The German violinist Isabelle Faust (yes, I’m a big fan, see here or here), the Russian pianist Alexander Melnikov, and the French cellist Jean-Guihen Queyras are all great musicians individually, but get even better when they play together.
An excellent example is their recording of some Beethoven Trios on Harmonia Mundi some years ago, and Faust’s and Melnikov’s collaboration on Beethoven’s and Brahms’ violin sonatas are among my absolute favorites (the latter made it as part of my top 5 classical albums in 2015).
In this particular project, the three have decided to attack Schumann, and to couple one of his 3 piano trios with one of his orchestral solo works, playing with the Freiburger Barockorchester under Pablo Heras-Casado, on Harmonia Mundi.
Faust started, coupling his piano trio with his relatively unknown violin concerto back in early 2015. I really like this album.
Some month later Melnikov got his chance to play the famous piano concerto (see my 4 star review here) with piano trio no. 2.
So here we are at release no. 3, focusing obviously on the Cello concerto, and the remaining trio no. 1.
Schumann: Cello Concerto and Piano Trio No. 1 – Jean Guihen Queyras – Pablo Heras-Casado – Freiburger Barockorchester (Harmonia Mundi 2016)
I expected quite a lot from this album, given that I really liked the two predecessors. However, on the Cello concerto I’m not exactly getting what I expected.
Schumann to me is one of the highest points of romanticism. I really like the energy, passion, and drama in his orchestral works. However, both Queyras and Heras-Casado chose a more subdued approach here, and I unfortunately constantly feel I’m missing something.
To explain what I mean, let me refer to my two personal reference versions for this concerto, by the legendary Jacqueline du Pré (playing with Daniel Barenboim), and even more, Janos Starker with Antal Dorati and the London Symphony. Do you hear the passion, the power?
Here is a Youtube example of du Pré:
Maybe I just need to listen to the Queyras version more to get used to it, but so far it just doesn’t pull me in enough.

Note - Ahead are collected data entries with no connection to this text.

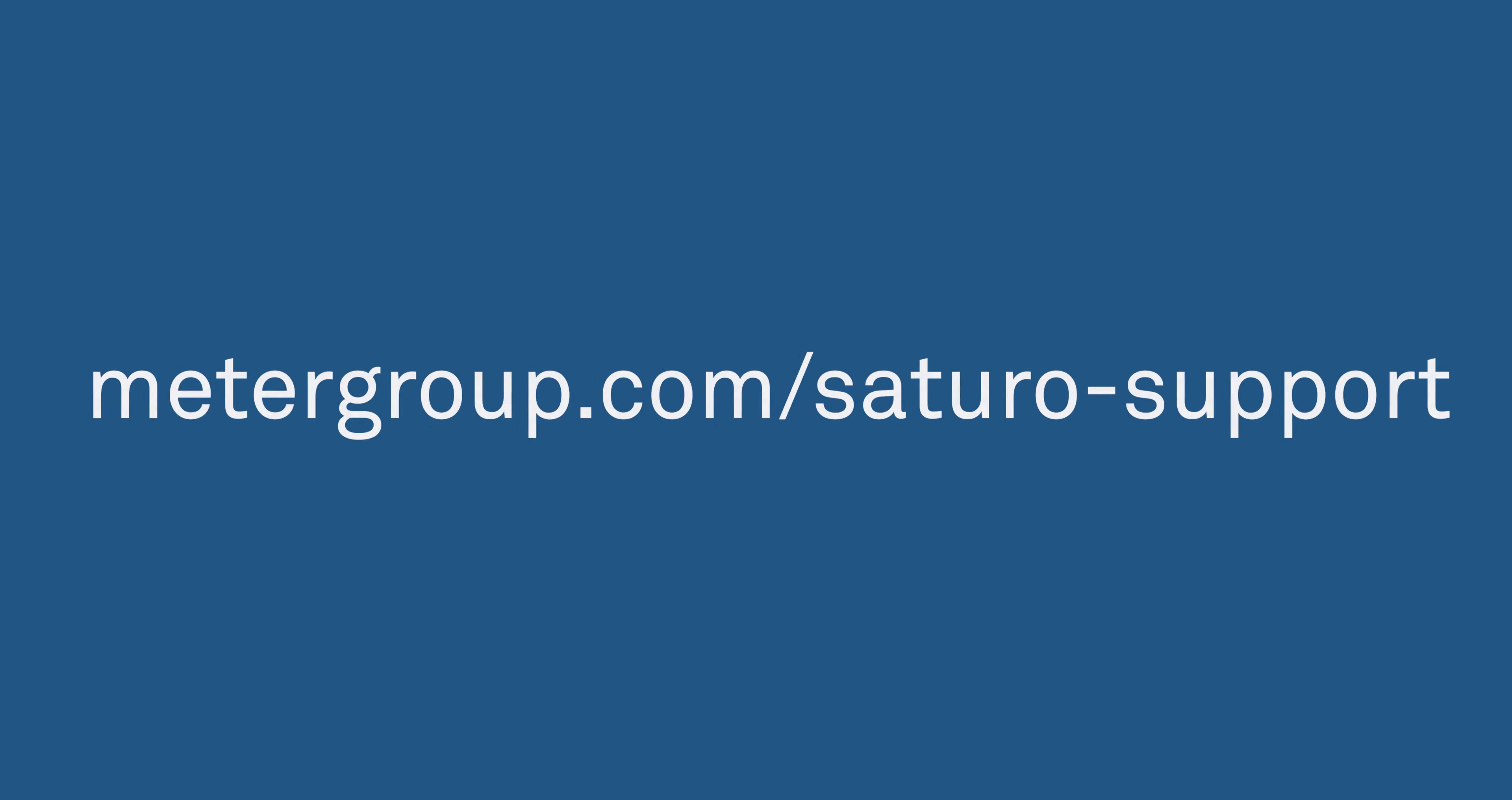The Saturo Downloader application is used to download the data from Saturo, erase stored data, set the date and time, and check for firmware updates for Saturo. Download the application from the Meter website before beginning the following steps.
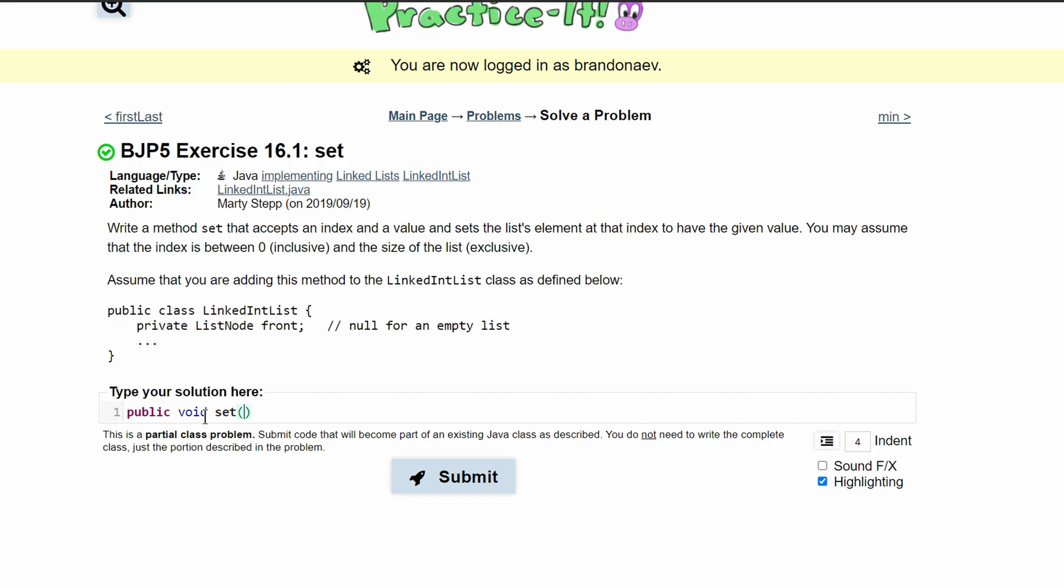It's going to take two parameters. One is going to be an element and one is going to be an index. So we're going to say int index and then int element.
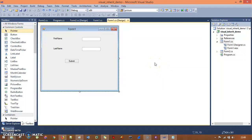Hello everyone. In the previous session you saw multiple document interface. In this session we will understand visual inheritance. The name is simple — it is completely related to the inheritance concept. We use inheritance basically to reuse the functionality of code.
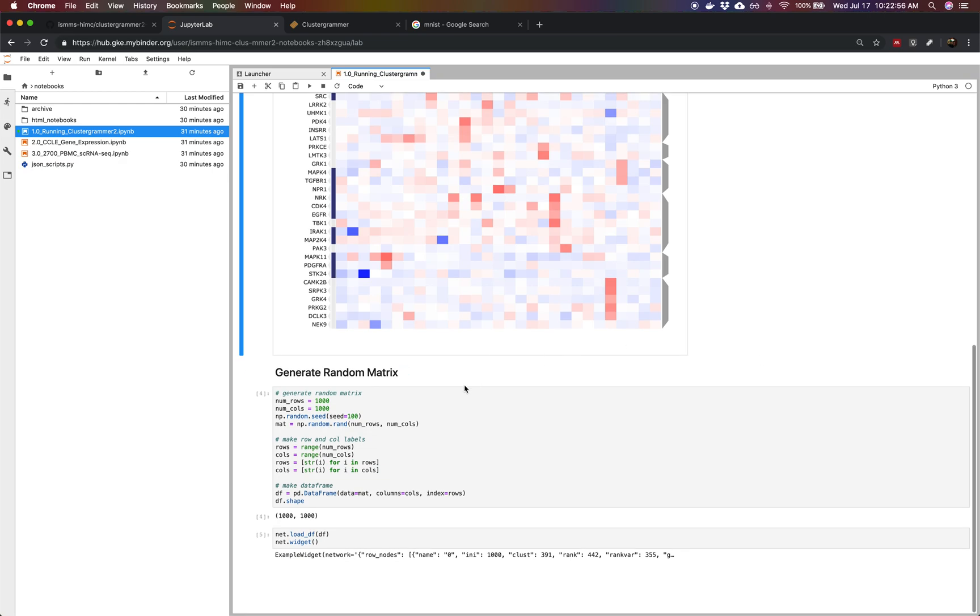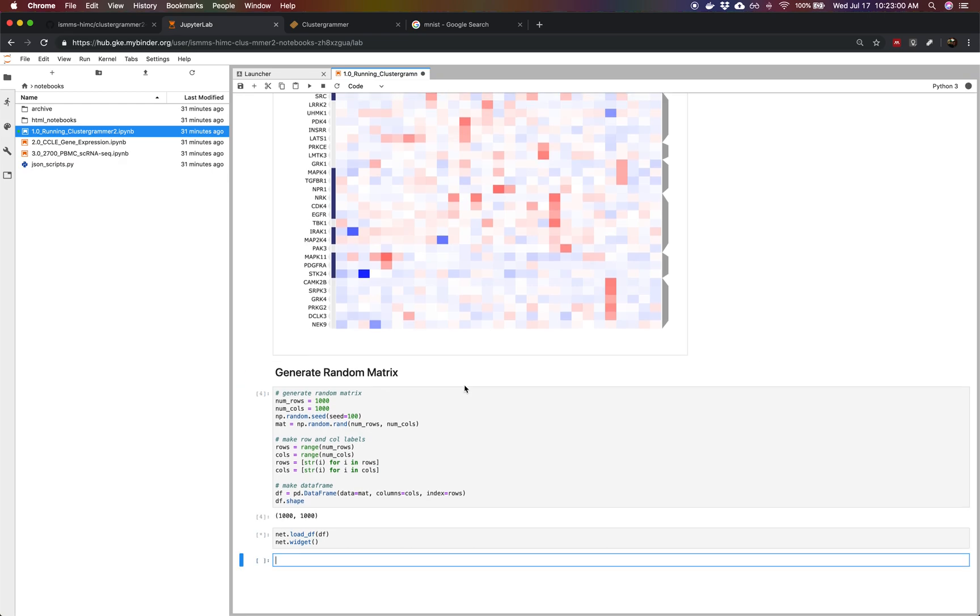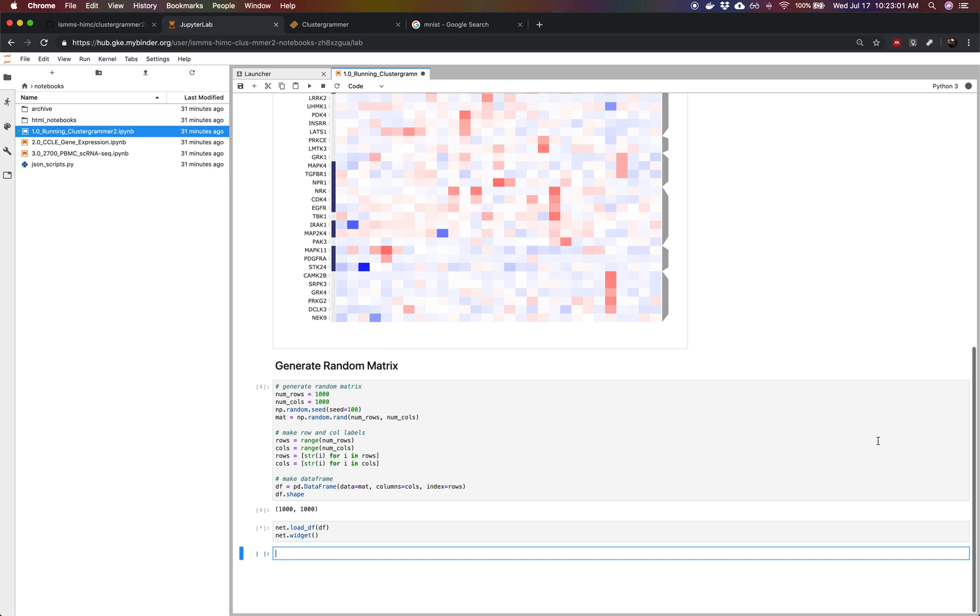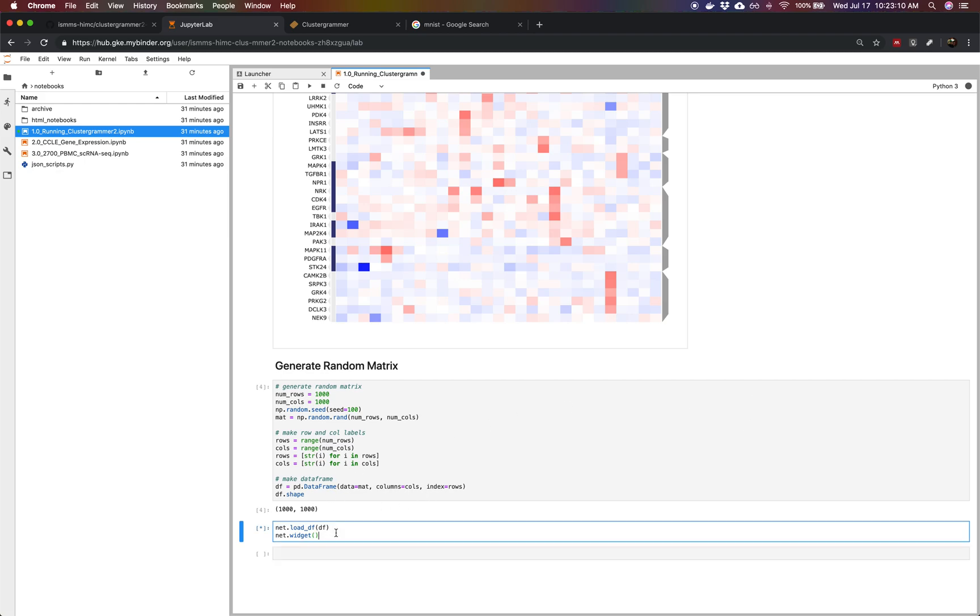The next section of the notebook generates a larger dataset, a data frame that has a thousand rows and a thousand columns of just random numbers to show you how we can visualize a larger dataset and how we can upload the dataset via a pandas data frame.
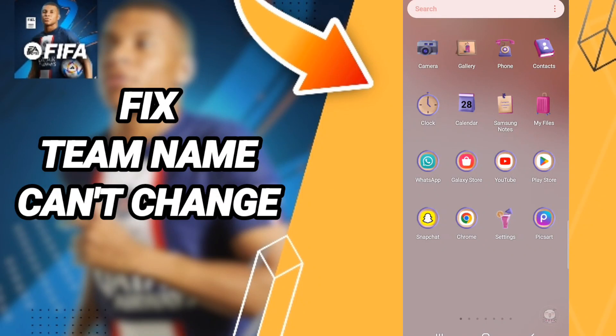Hello everybody. Today we'll talk about how to fix or solve the team name can't change issue on FIFA mobile. To fix this, you should just go to Settings.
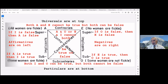The universals are at the top and the particulars are at the bottom. When you take a portion of the entire universe — all women — you say 'some women,' you're talking about a particular portion of the universe. And 'some women are not fickle' — you're talking about a particular portion of the universe of women. So the particulars are at the bottom.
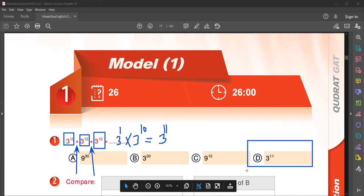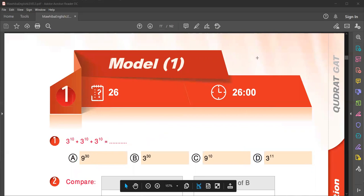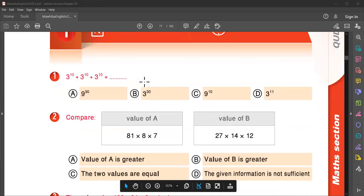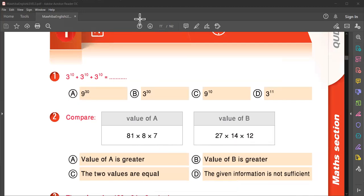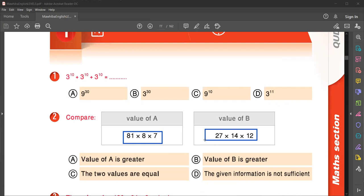Now question number two. Here compare between two values. Who has the greater value, A or B? How do I solve this problem? In Mawhiba, if you multiply it by normal, it takes more time. So you don't have enough time to do it. So you simplify it.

Obviously, we are talking about an excellent soloist (I really like his Bach Cello Suites for example) with a great orchestra, so fundamentally this remains a good recording, it is just not my cup of tea.
However, going back to the chamber music, all is well. These three trios, spread over 3 albums, will remain my reference version of these works for a foreseeable future.
My rating: 4 stars, averaging 3 stars for the Cello Concerto and 5 stars for the trio.